VSE 182 - Vie et Sciences de l'Entreprise - Prix de thèse 2008

Editorial V&SE N° 182 - Prix de thèse 2008

Le prix de thèse de l’ANDESE est le fruit d’un processus de sélection de travaux originaux réalisés par des jeunes chercheurs œuvrant au sein de l’ensemble des écoles doctorales. Le jury, animé par Mme Denise Flouzat, professeur émérite de l’Université Paris I Panthéon Sorbonne a sélectionné quatre travaux pour cette édition 2008 du Prix de thèse.
Le Prix et les trois accessits de l’année 2008, ont été remis aux impétrants présents par M. Michel Pébereau, Président du groupe BNP PARIBAS.

Cette sélection met en évidence la grande variété des travaux réalisés dans les universités françaises. Dans ce numéro nous présentons des articles concernant l’économie bancaire, la sélection des personnels, le coaching ou l’image de la marque de service.

Nous avons complété ces articles portant sur les Prix de Thèse par les travaux de Patrick Haim sur un modèle systémique en contrôle de gestion et ceux de Jocelyn Husser sur la théorie des conventions.

Georges Gloukoviezoff, lauréat du prix de thèse ANDESE, explore le phénomène d’exclusion bancaire des particuliers, défini comme le processus par lequel une personne ne peut plus mener une vie sociale normale en raison de difficultés bancaires d’accès ou d’usage.

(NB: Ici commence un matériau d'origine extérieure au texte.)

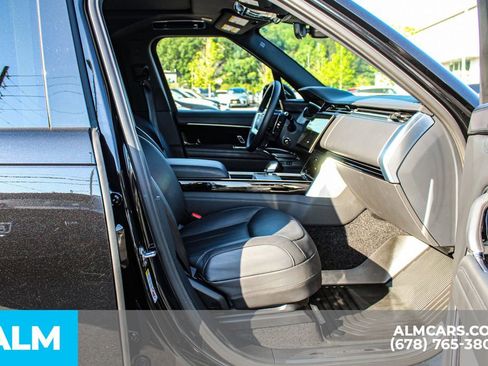 Used 2025 Land Rover Range Rover SE AWD/4WD image 19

L’exclusion est envisagée ici comme la conséquence possible d’une tension socio-économique, entre la nécessité pour l’ensemble de la population, de recourir aux services bancaires d’une part, et les contraintes de rentabilité auxquelles sont soumis les établissements de crédit qui distribuent ces produits d’autre part. Il s’agit donc d’analyser l’influence, sur la situation des particuliers, de la qualité de la prestation de services bancaires, en fonction du contexte institutionnel au sein duquel elle se développe. Pour l’auteur la clef des difficultés est à rechercher dans la qualité de la relation bancaire. L’observation des pratiques en matière de microcrédit personnel et de médiation de proximité en France et en Europe montre qu’il est possible de développer une prestation bancaire économiquement supportable et satisfaisante. Au regard des expériences étrangères seule une régulation bancaire basée sur l’évaluation des mécanismes des établissements au regard d’objectifs clairs d’inclusion bancaire, la mise en œuvre de mécanismes de sanction et d’incitation, et des modalités de péréquation financière entre les différents acteurs du secteur bancaire peut y parvenir.

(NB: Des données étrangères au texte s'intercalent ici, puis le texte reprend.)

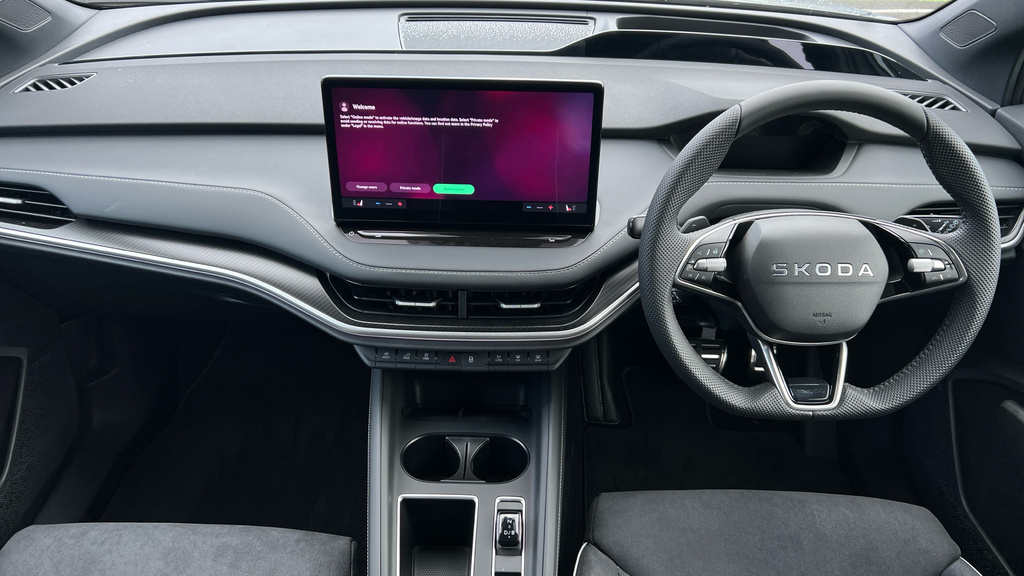 Skoda ENYAQ Sportline Black #12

Sabrina Teyssier a développé ses recherches sur la thématique suivante « Aptitude, préférences et sélection des travailleurs ». L’objectif de sa thèse est de montrer que la variété des rémunérations n’est pas seulement associée à la diversité des caractéristiques des entreprises mais à l’existence de différents types de travailleurs. Dans ses travaux une voie de sélection de la main-d’œuvre ne passant pas par des méthodes directes (entretiens d’embauches, tests psychologiques, période d’essai) est envisagée. Il s’agit principalement d’étudier l’auto-sélection des travailleurs en fonction de leurs préférences intrinsèques et l’impact de cette auto-sélection sur l’efficience du marché. Les résultats obtenus montrent que la coexistence sur le marché du travail de différents modes de rémunération indexés sur la performance des employés peut également correspondre à l’existence de différents types de travailleurs.

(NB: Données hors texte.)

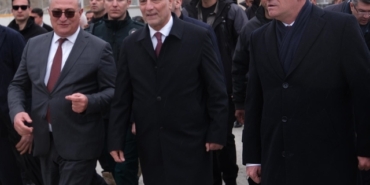 Bakan Bolat: “İran’a açılan kapılarda sorun yok”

La thèse de Pauline Fatien propose une compréhension de l’intérêt porté au coaching individuel en entreprise aujourd’hui. Elle défend la thèse suivante : l’intérêt pour le coaching serait lié à sa malléabilité qui permet de maintenir une certaine ambiguïté sur les raisons de sa mobilisation par différents acteurs du dispositif coaching, pour répondre aux règles du « jeu » organisationnel, reposant sur la mobilisation du « je ». Cette malléabilité place la pratique en tension entre différents pôles, ouvrant des espaces de pouvoir dans les organisations. Le coaching s’inscrit alors dans cette « googlelisation » des organisations, caractérisé par un nouvel investissement de l’entreprise par le salarié, recherchant un « équilibre subtil » entre réalisation personnelle et professionnelle. Ce nouveau contexte hypermoderne qui apparemment redistribue les rapports de force le fait certainement au profit de ceux qui savent se saisir des nouvelles marges de manœuvre offertes par de tels contextes.

Christèle Camelis a centré ses travaux sur l’influence de l’expérience sur l’image de la marque de service. Au-delà de la construction d’une image de marque elle a développé ses recherches sur la construction d’une image de marque forte et stable dans l’esprit du consommateur. Le contenu de l’expérience de consommation du service apparaît comme fondamental dans la création ou dans la stabilisation de l’image de marque associée dans l’esprit du consommateur. Cette image de la marque est formée de cinq dimensions (cognitive, sensorielle, émotionnelle, comportementale et sociale). La gestion de la marque et de son image à travers l’expérience s’inscrit dans le temps et dans la durée. Tout changement d’expérience semble se traduire par un changement d’image, et inversement, toute modification d’image souhaitée semble devoir passer par une modification de l’expérience vécue. L’expérience constitue la clé de voûte de la formation de l’image de marque dans l’esprit du consommateur. A ce titre l’entreprise doit apporter toute son attention et son savoir-faire à la formation de l’image de marque.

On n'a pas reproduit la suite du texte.